» **Exercise prompt**
Copy the complete listing word for word, but do not carry over any images.

» **Available data**
----------------
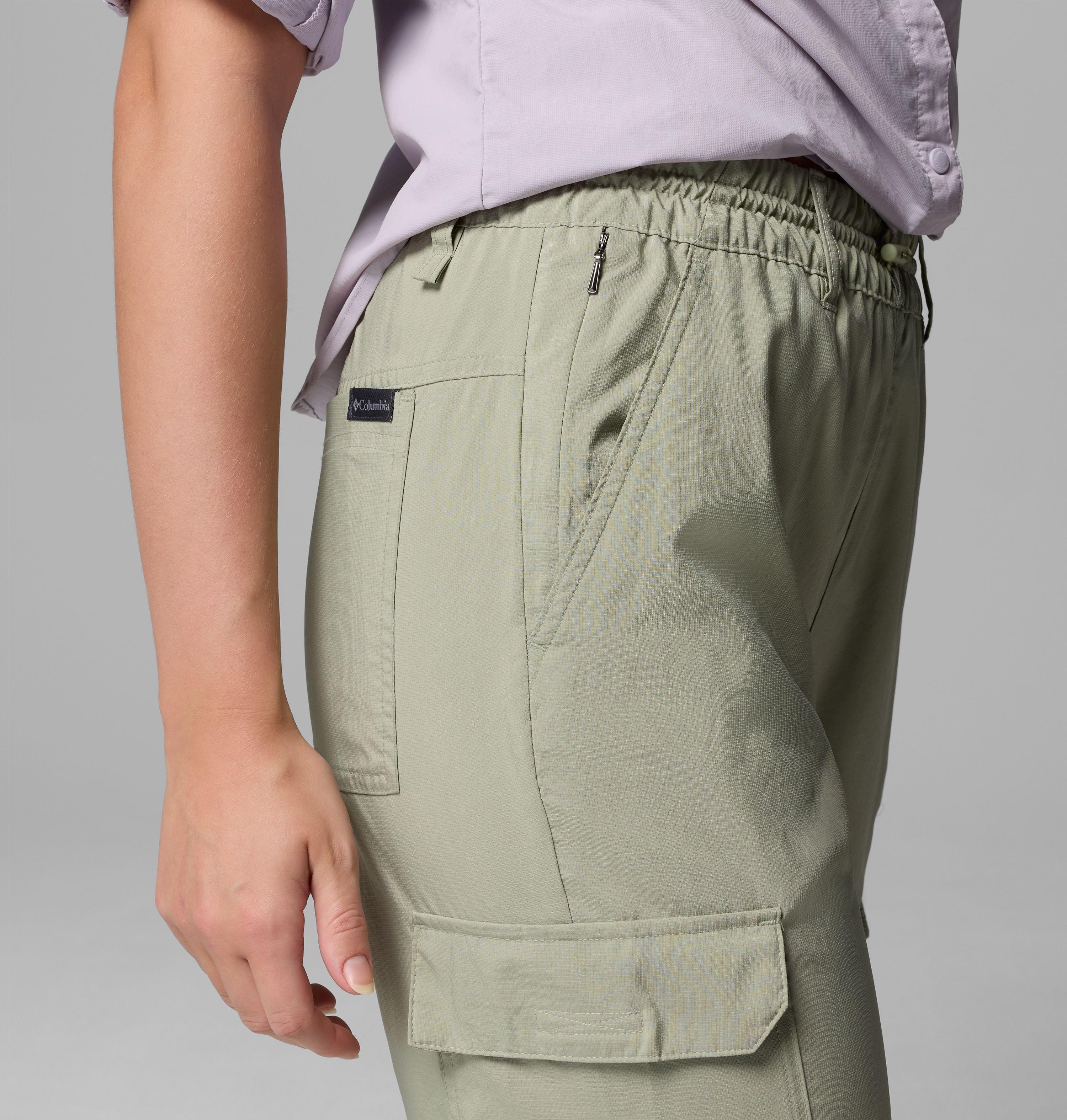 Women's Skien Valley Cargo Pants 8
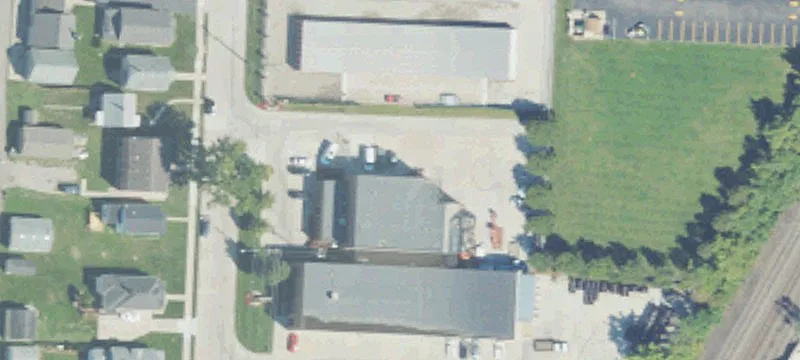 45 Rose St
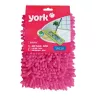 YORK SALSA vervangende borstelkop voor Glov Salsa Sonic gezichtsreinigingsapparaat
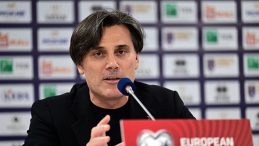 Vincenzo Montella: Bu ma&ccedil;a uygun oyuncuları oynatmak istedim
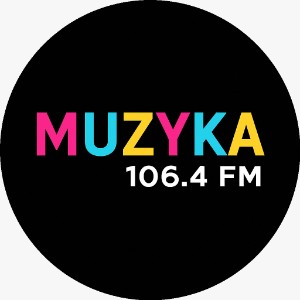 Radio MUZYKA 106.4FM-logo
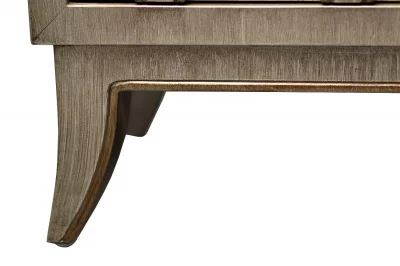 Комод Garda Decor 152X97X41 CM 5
----------------
» **Task answer**
 Women's Skien Valley Cargo Pants 8
 45 Rose St
 YORK SALSA vervangende borstelkop voor Glov Salsa Sonic gezichtsreinigingsapparaat
 Vincenzo Montella: Bu ma&ccedil;a uygun oyuncuları oynatmak istedim
 Radio MUZYKA 106.4FM-logo
 Комод Garda Decor 152X97X41 CM 5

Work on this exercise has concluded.